Please repeat the entire listing verbatim and keep the pictures out.

» Available data:
<<<<

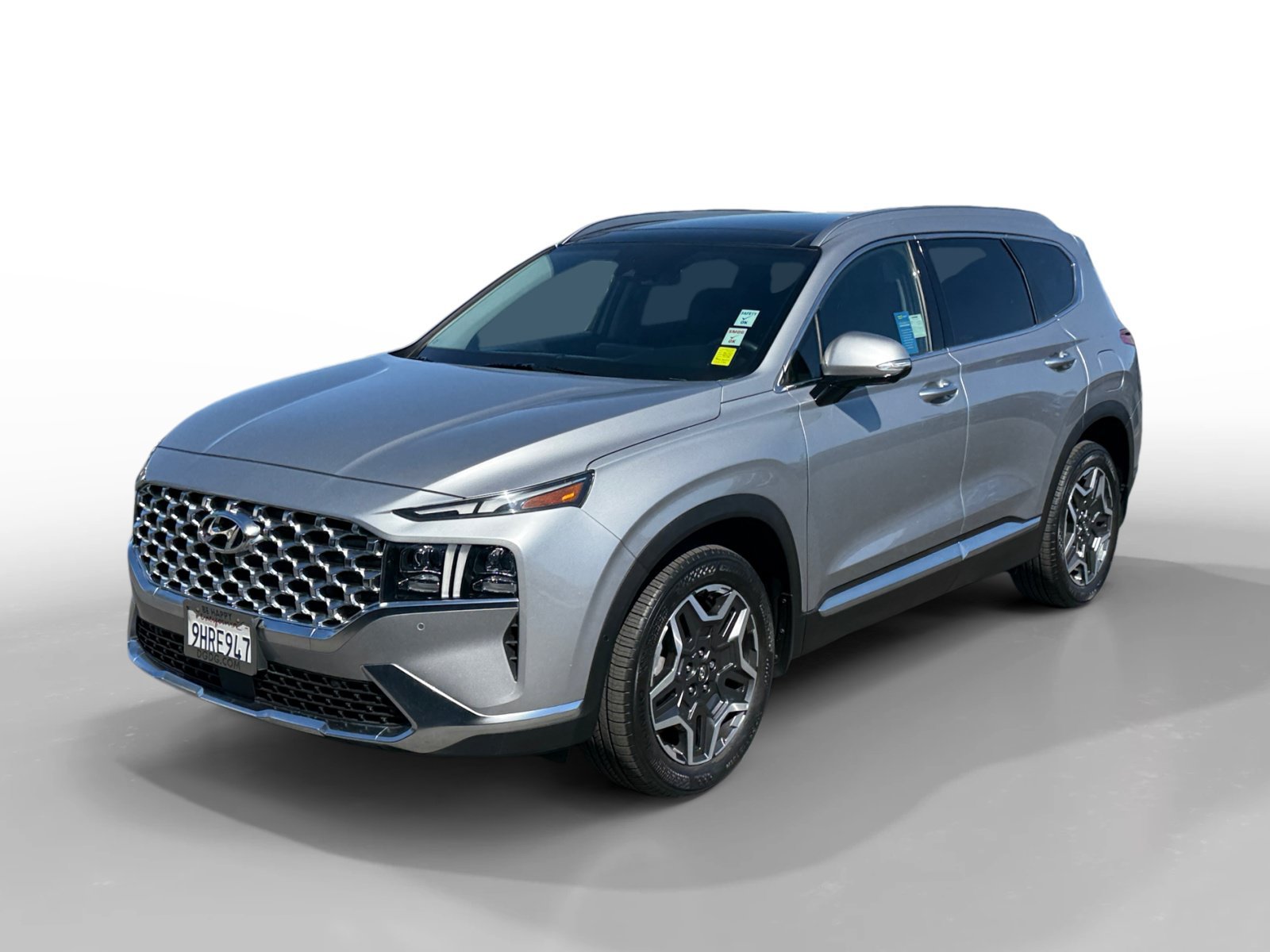 Certified Used 2023 Shimmering Silver Hyundai Limited image 1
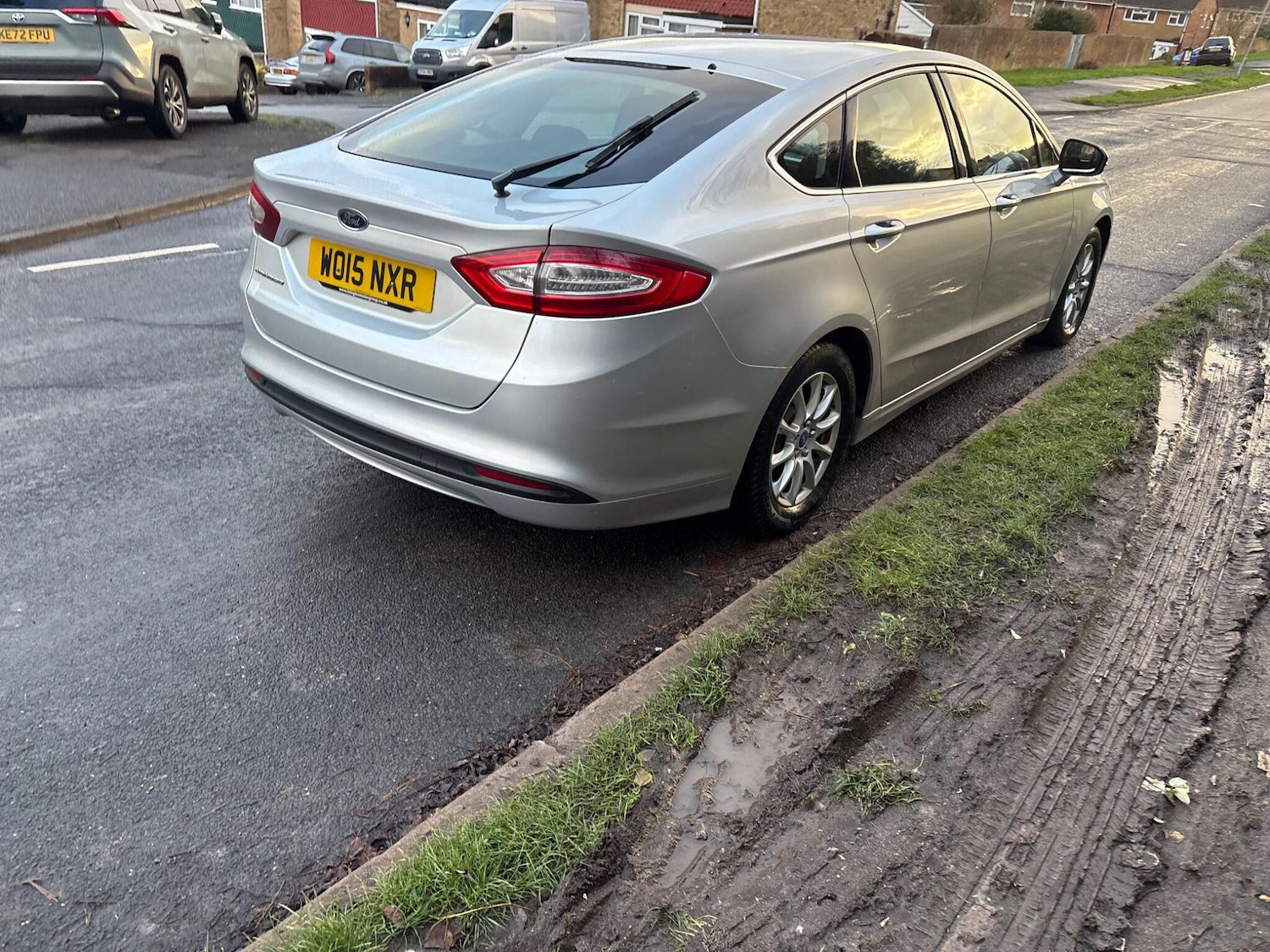 Used Ford Mondeo 2015 for sale - 77018446: Photo 59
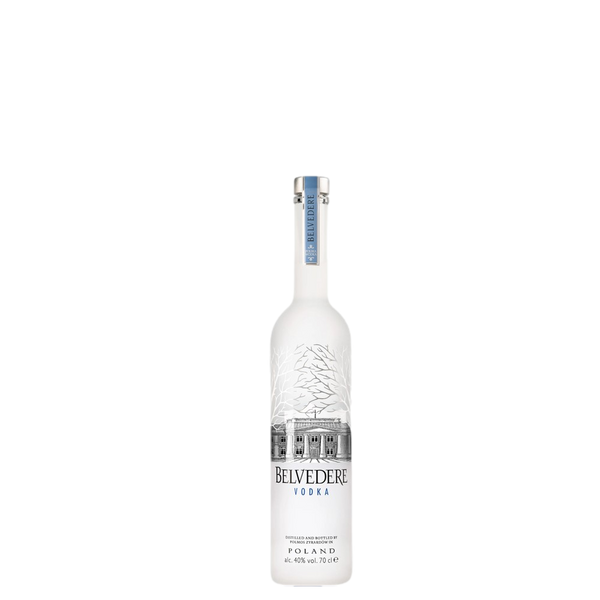 Brand Belvedere Vodka — Konrad Lifestyle AG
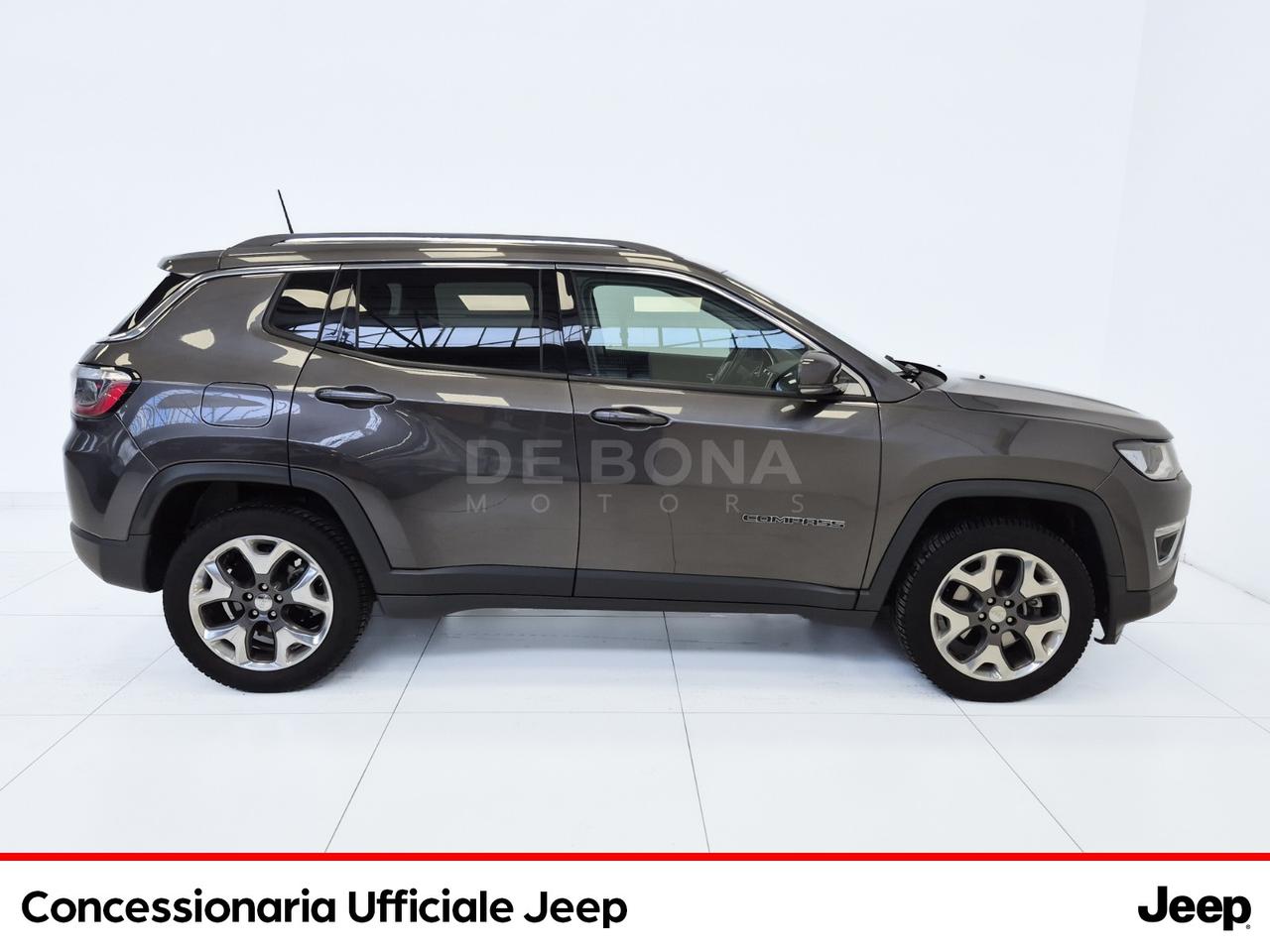 Jeep Compass 2.0 mjt limited 4wd 140cv auto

>>>>

» Result of this task:
 Certified Used 2023 Shimmering Silver Hyundai Limited image 1
 Used Ford Mondeo 2015 for sale - 77018446: Photo 59
 Brand Belvedere Vodka — Konrad Lifestyle AG
 Jeep Compass 2.0 mjt limited 4wd 140cv auto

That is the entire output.